_Exercise goal_.
Using the listing below, set down exactly the lines starting at the line that contains "Kirayə verilir 2 otaqlı mənzil 45 m²" and ending at the line that contains "Elton John, David", both included, and no others.

_Entries shown_.
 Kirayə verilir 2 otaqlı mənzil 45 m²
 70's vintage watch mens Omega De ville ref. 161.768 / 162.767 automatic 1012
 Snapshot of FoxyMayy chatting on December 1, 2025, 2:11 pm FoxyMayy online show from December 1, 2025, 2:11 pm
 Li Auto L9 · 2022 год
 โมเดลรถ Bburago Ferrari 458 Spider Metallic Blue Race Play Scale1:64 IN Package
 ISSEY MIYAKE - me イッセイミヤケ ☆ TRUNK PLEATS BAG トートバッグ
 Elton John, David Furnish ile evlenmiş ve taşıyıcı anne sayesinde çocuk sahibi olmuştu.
--
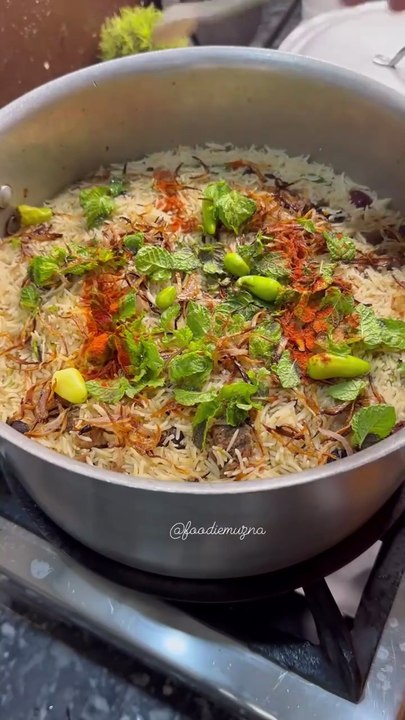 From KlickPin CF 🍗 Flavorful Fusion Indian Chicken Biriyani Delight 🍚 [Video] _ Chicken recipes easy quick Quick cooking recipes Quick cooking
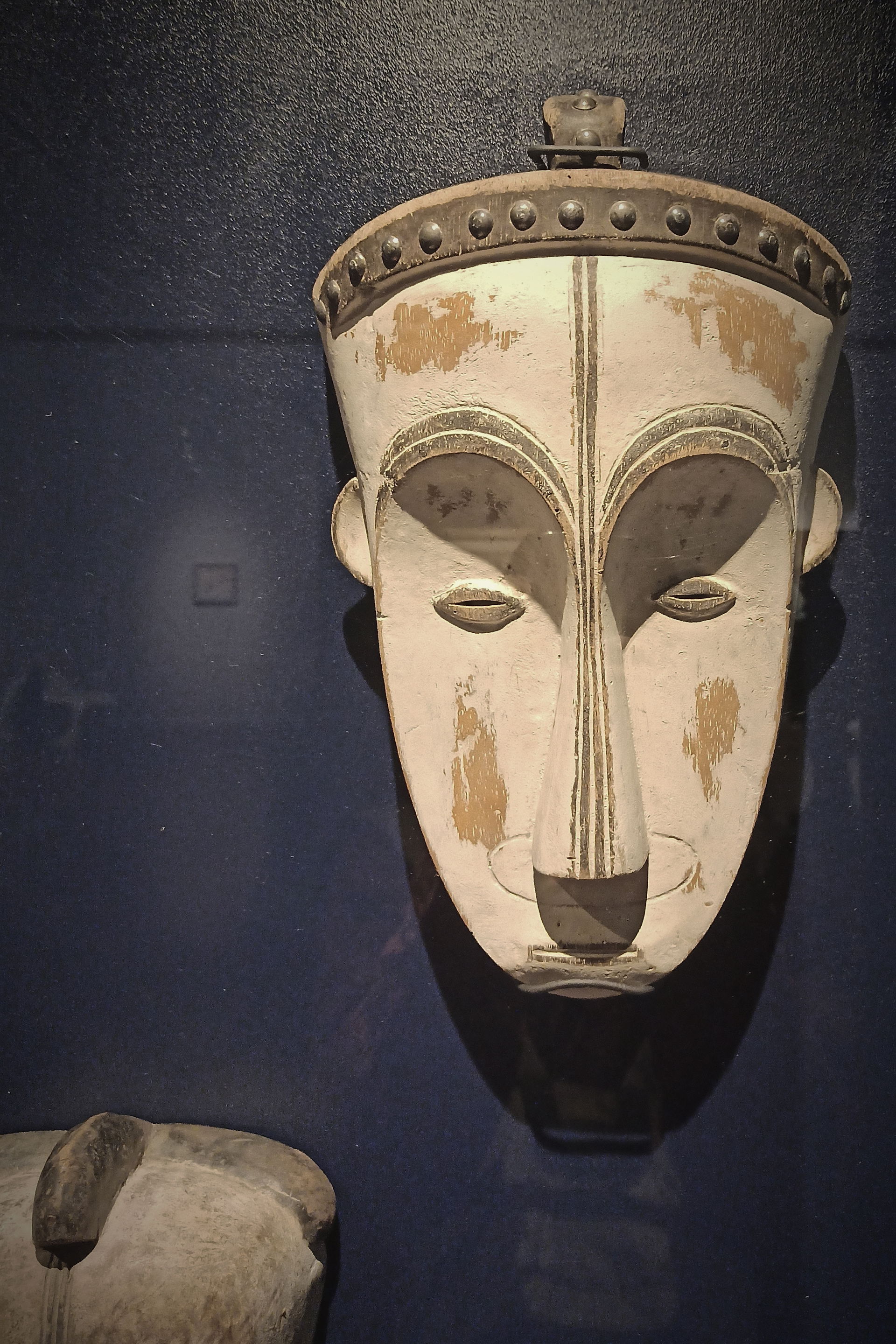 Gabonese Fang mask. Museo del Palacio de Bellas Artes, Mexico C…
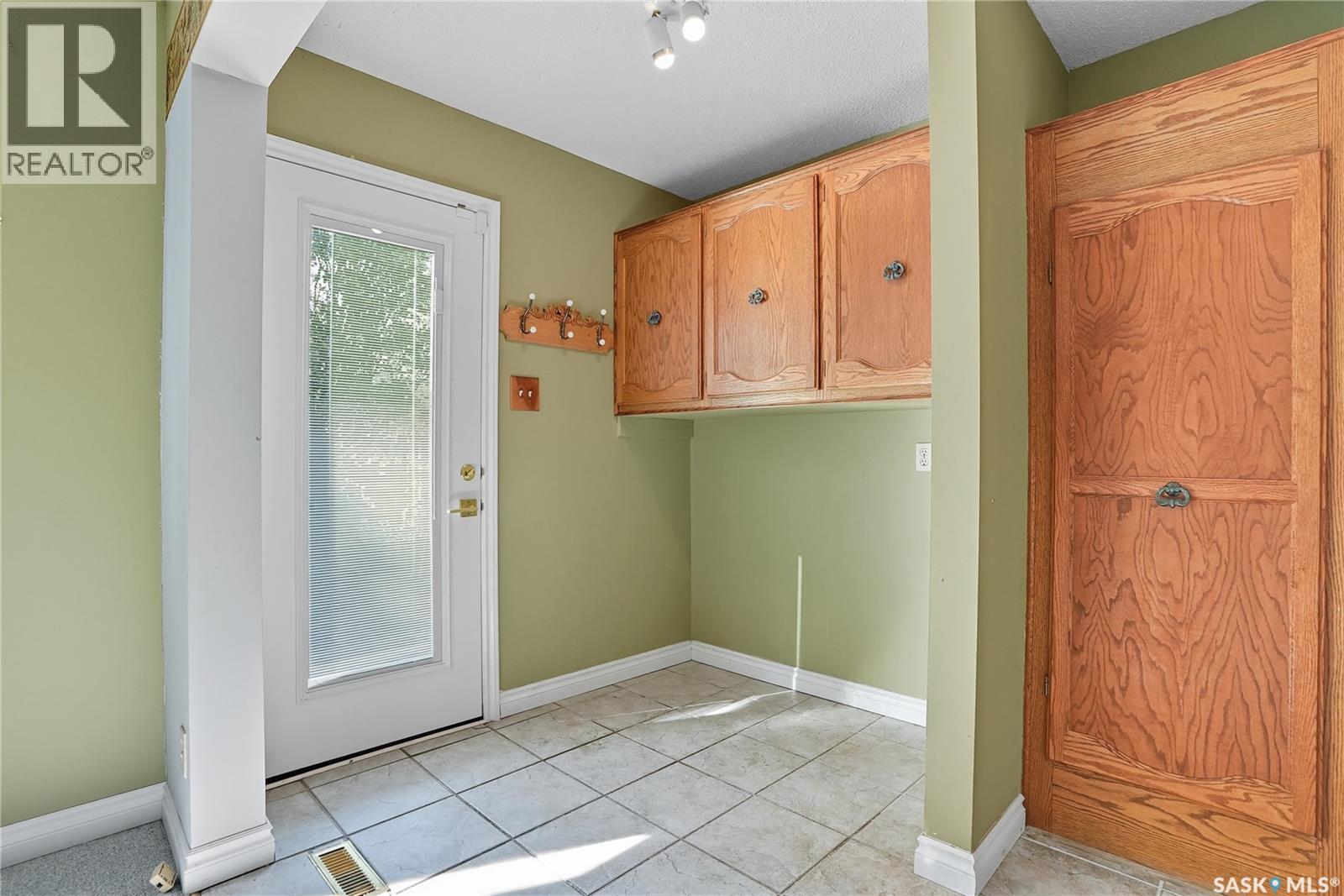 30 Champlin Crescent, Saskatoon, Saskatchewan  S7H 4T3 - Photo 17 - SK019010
--
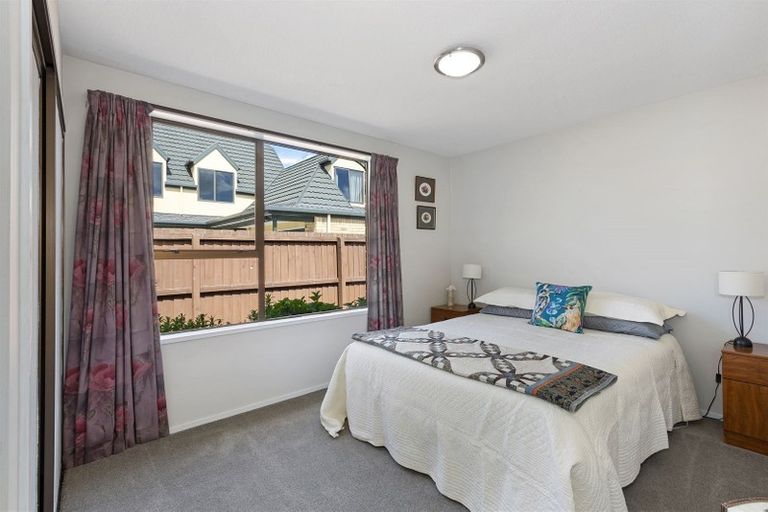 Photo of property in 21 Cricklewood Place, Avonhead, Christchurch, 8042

_Output for this task_.
 Kirayə verilir 2 otaqlı mənzil 45 m²
 70's vintage watch mens Omega De ville ref. 161.768 / 162.767 automatic 1012
 Snapshot of FoxyMayy chatting on December 1, 2025, 2:11 pm FoxyMayy online show from December 1, 2025, 2:11 pm
 Li Auto L9 · 2022 год
 โมเดลรถ Bburago Ferrari 458 Spider Metallic Blue Race Play Scale1:64 IN Package
 ISSEY MIYAKE - me イッセイミヤケ ☆ TRUNK PLEATS BAG トートバッグ
 Elton John, David Furnish ile evlenmiş ve taşıyıcı anne sayesinde çocuk sahibi olmuştu.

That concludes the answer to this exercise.